6 Als gij nu deze voleinden zult, lig ten anderen male neder op uw rechterzijde, en gij zult de ongerechtigheid van het huis van Juda dragen veertig dagen; Ik heb u gegeven elken dag voor elk jaar.
And when thou hast ended these, then shalt thou lie, on thy right side. a second time, and shalt bear the iniquity of the house of Judah, — forty days, one day for each year, have I appointed thee.
7 Daarom zult gij uw aangezicht richten tegen de belegering van Jeruzalem, en uw arm zal ontbloot zijn; en gij zult tegen haar profeteren.
Thus then unto the siege of Jerusalem, shalt thou direct thy face, with thine arm made bare, —so shalt thou prophesy against it.
8 En ziet, Ik zal dikke touwen aan u leggen, dat gij u niet omkeert van uw ene zijde tot uw andere zijde, totdat gij de dagen uwer belegering voleind hebt.
And lo! I have laid upon thee-bands, —and thou shalt not turn thee from thy one side to thine other, until thou have ended the days of thy siege.
9 En neemt gij voor u tarwe, en gerst, en bonen, en linzen, en heerse, en spelt; en doe die in een vat, en maak die u tot brood; naar het getal der dagen, die gij op uw zijde nederliggen zult, driehonderd en negentig dagen, zult gij dat eten.
Thou, therefore, take thee wheat and barley and peas and lentils and millet and spelt, and put them in one vessel, and make them ready for thee as bread, —during the number of days which thou art lying on thy side. a hundred and ninety days, shalt thou eat it;
10 Uw spijze nu, die gij eten zult, zal in gewicht zijn twintig sikkelen daags; van tijd tot tijd zult gij die eten.
and thy food which thou shalt eat shall be by weight twenty shekels a day, — from time to time, shalt thou eat it;
11 Gij zult ook water naar zekere maat drinken, het zesde deel van een hin; van tijd tot tijd zult gij het drinken.
and water by measure, shalt thou drink the sixth part of a hin, -from time to time shalt thou drink;
12 En gij zult een gerstekoek eten, en dien zult gij met drek van des mensen afgang bakken voor hun ogen.
and as a barley cake, shalt thou eat it, —and the same with dung proceeding from man, shalt thou bake, before their eyes.
13 En de HEERE zeide: Alzo zullen de kinderen Israels hun brood onrein eten onder de heidenen, waarhenen Ik hen verdrijven zal.
Then said Yahweh, In like manner, shall the sons of Israel eat their bread defiled, —among the nations whither I will drive them.
14 Toen zeide ik: Ach, Heere, HEERE, zie, mijn ziel is niet verontreinigd geweest; want ik heb, van mijn jeugd af tot nu toe, geen dood aas, noch dat verscheurd is, gegeten, en geen verfoeilijk vlees is in mijn mond gekomen.
Then said, I, Ah!
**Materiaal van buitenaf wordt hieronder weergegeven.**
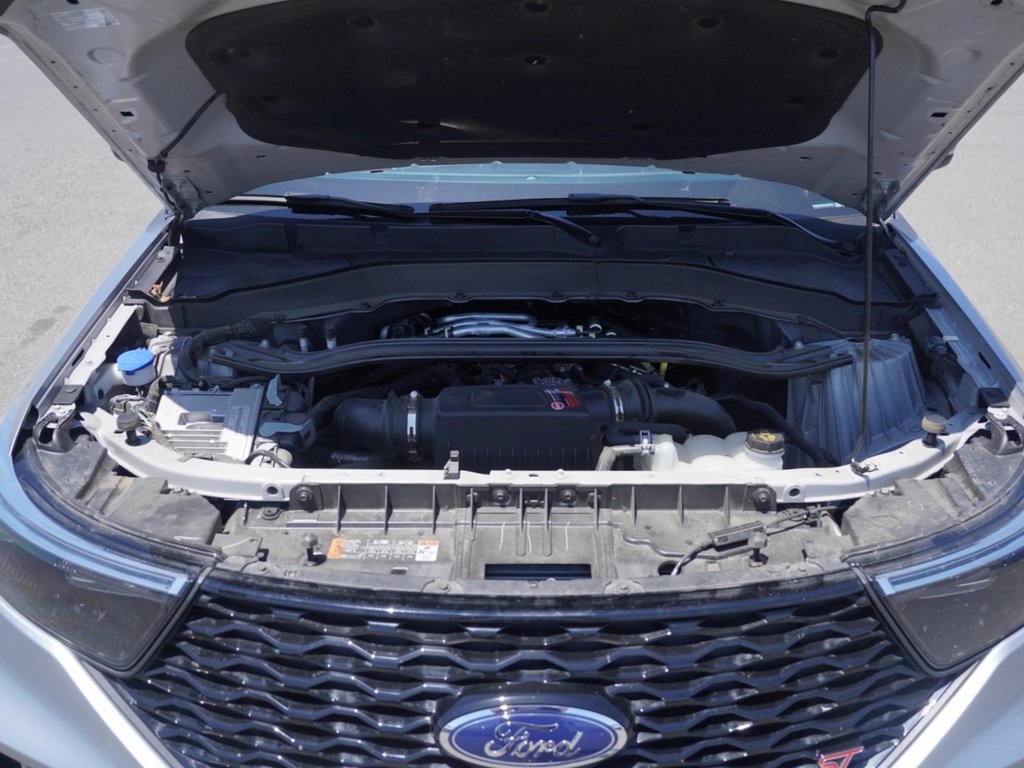 2024 Ford Explorer ST photo 28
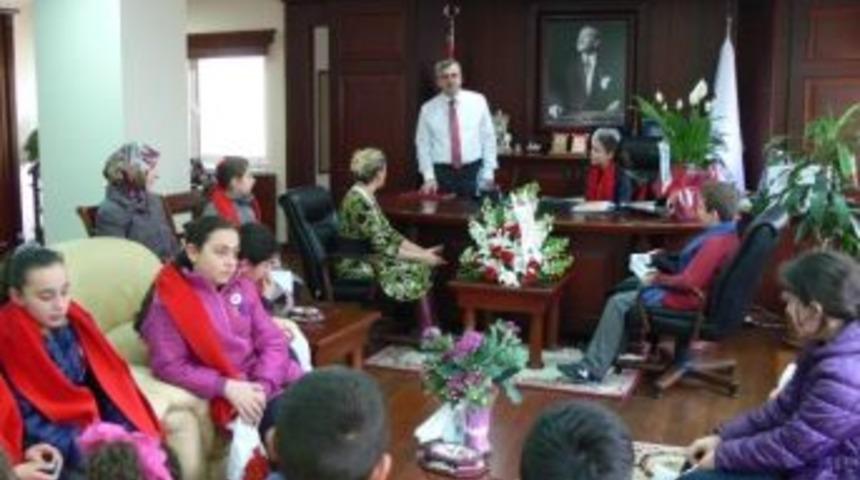 &Ccedil;ocuklardan Vergi Dairesi Başkanlığı&rsquo;na Ziyaret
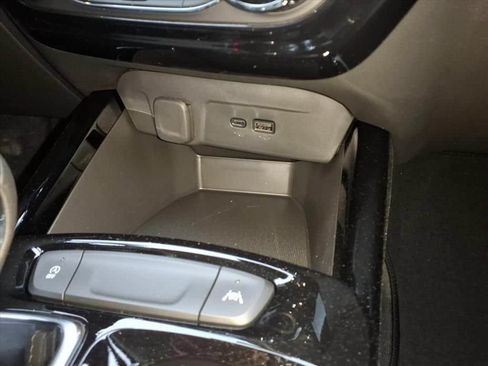 New 2026 Chevrolet Trax LT w/ LT Convenience Package FWD image 21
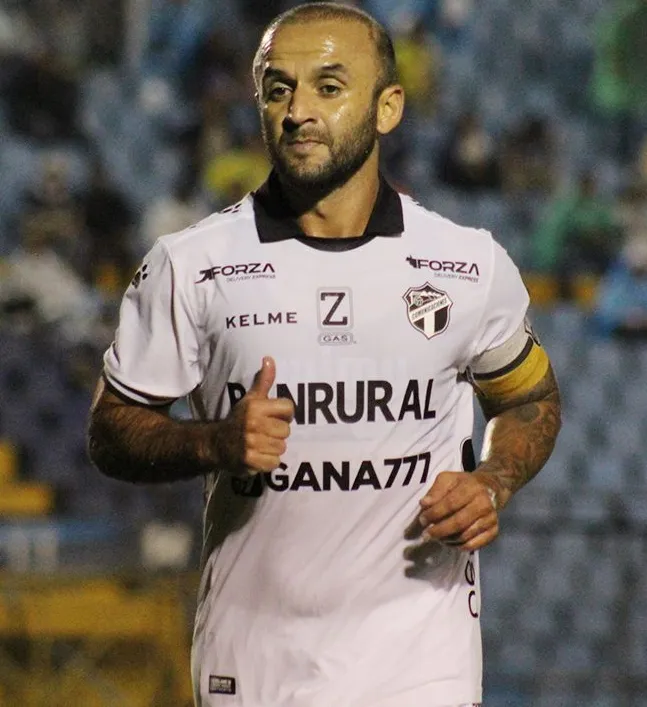 Comunicaciones va por la clasificación a la siguiente instancia.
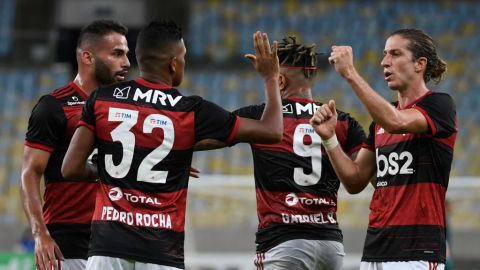 Flamengo celebrando un gol.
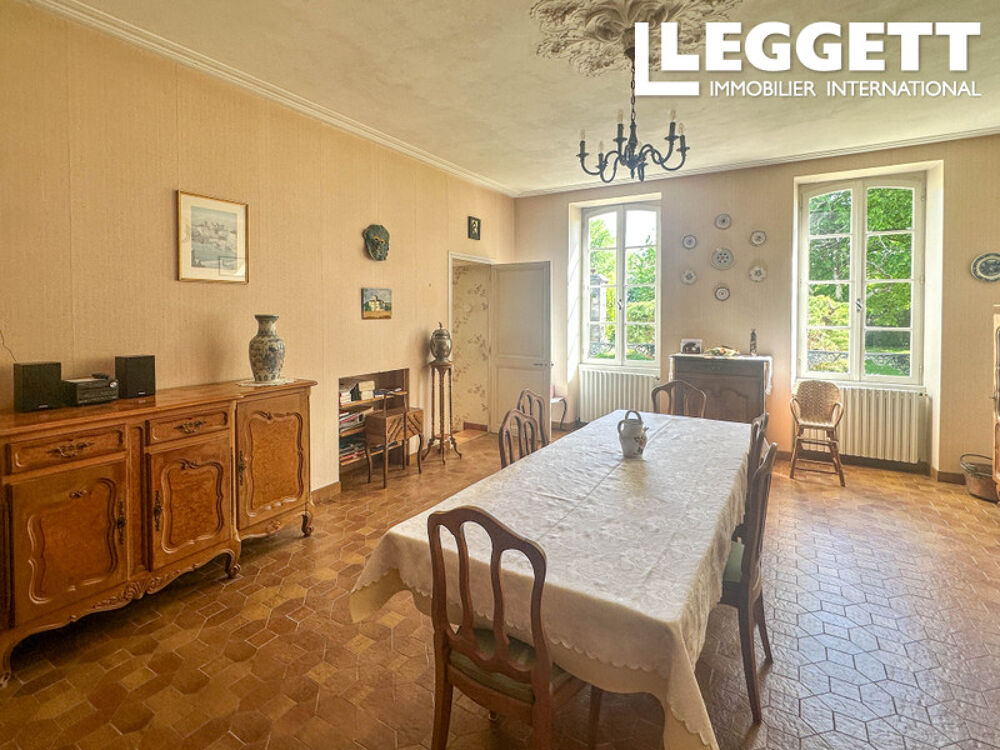 Vente Maison Maison de Maître dans un hameau calme avec jardins arborés et dépendances. 4 chambres. Proche Cognac. Migron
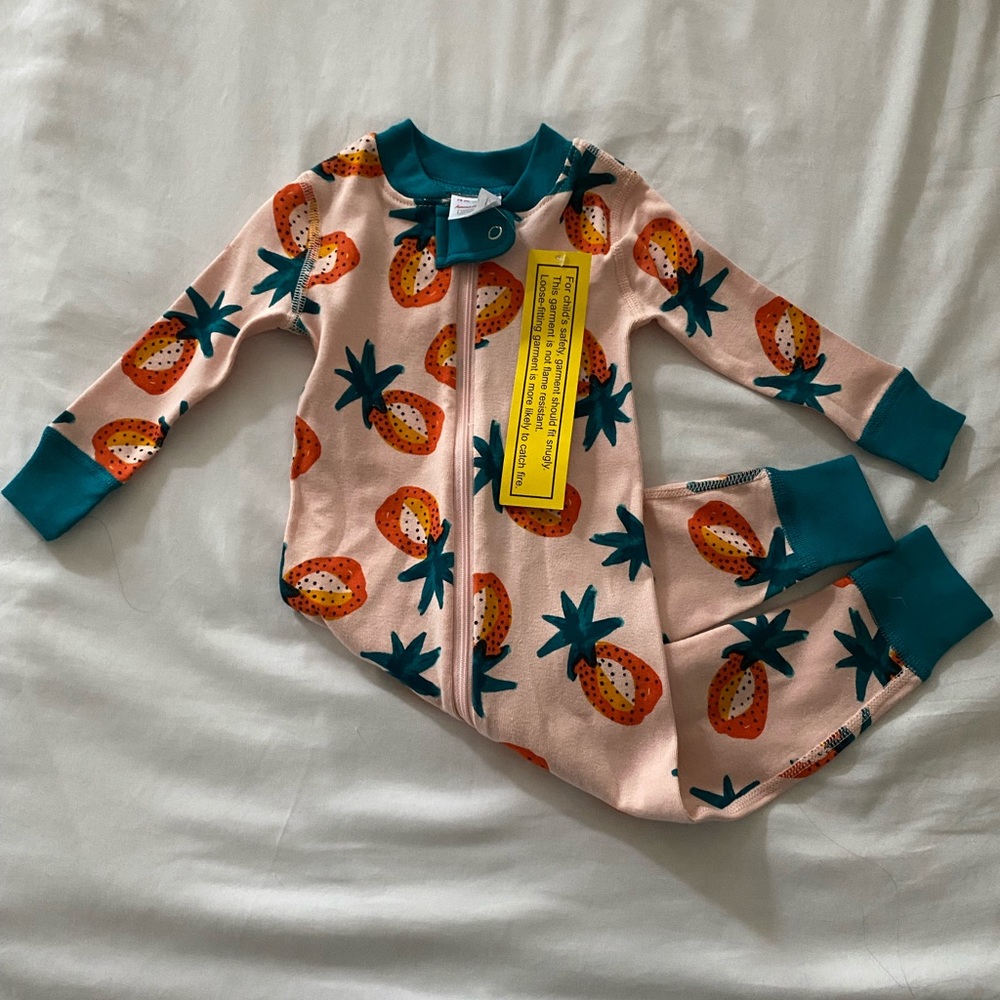 Hanna Andersson zipper sleeper pajamas- organic cotton, 12-18 months,  pineapple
My Lord. Yahweh, lo! my person, hath not been defiled: neither of what hath died of itself nor of what hath been torn in pieces: have I eaten, from my youthful days even unto now, neither hath come into my mouth the flesh of a foul thing.
15 En Hij zeide tot mij: Zie, Ik heb u rundermest gegeven voor mensendrek, zo zult gij uw brood daarmede bereiden.
So then he said unto me, See I have granted thee cow’s dung for man’s dung, —and thou shalt prepare thy bread thereupon.
16 Daarna zeide Hij tot mij: Gij mensenkind, zie, Ik breek den staf des broods in Jeruzalem, en zij zullen het brood met gewicht en met kommer eten, en het water met zekere maat en met verbaasdheid drinken;
And he said unto me, Son of man Behold me! breaking the staff of bread in Jerusalem, So shall they eat bread by weight and with anxious care, And water by measure, and in astonishment, shall they drink:
17 Opdat zij des broods en des waters gebrek hebben, en de een met den ander verbaasd worden, en in hun ongerechtigheid uitteren.
that they may lack bread and water and be astonished one with another, and pine away in their punishment.